As far as improving your LSAT RC
It is important to have a general understanding about certain things that you can expect to see on the questions: Main point, organization, author's attitude & purpose, paragraph function, etc.
In addition, be aware of:
-shifts in point of view ("Despite," "however," "nevertheless," "on the other hand," "on the contrary," "proponents claim...," "critics claim...", etc.) [be sure to know which point of view the author subscribes to]
-lists ("first... second... third...", "one such... another...")
It is less important to know specific details (scientific nomenclature, definitions, etc.). It is, however, important to know WHERE these unfamiliar terms are so that you can quickly refer to them when you see a question regarding them.
Granted, it is always great if you can quickly read a passage and fully comprehend every detail... it simply isn't always possible to do so.

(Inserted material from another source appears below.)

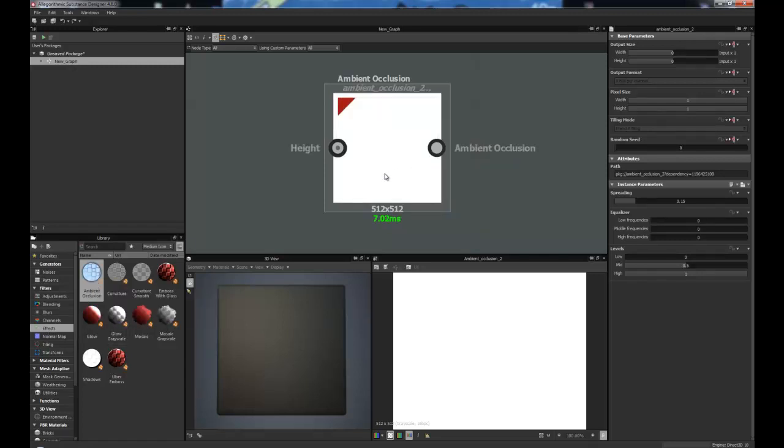Obviously you can bake out the Ambient Occlusion when you are creating your high poly, low poly meshes and you can import those into Substance Designer or even bake them in Substance Designer. But for example, if you wanted to create a quick Ambient Occlusion map from a height map, or if you're doing a tiling texture and you're not actually baked anything out but completely constructed it within Substance Designer, you can use this node to create your base Ambient Occlusion.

If you cannot, then try and get the gist of the passage and move on to the questions without wasting too much time reading and re-reading. It is easy to refer back to the passage to answer questions on specific points, as long as you understand it well enough to know where to quickly find the
Personally, I usually feel like I've read a passage properly if I read it in 3:00 (+/- :30), and can easily answer the main point question.
After reading through hundreds of passages, you develop an intuitive sense of where the questions are likely to come from. Pay attention to developing that sense, and learn to anticipate what will be asked of you (but DON'T read the questions before reading the passage).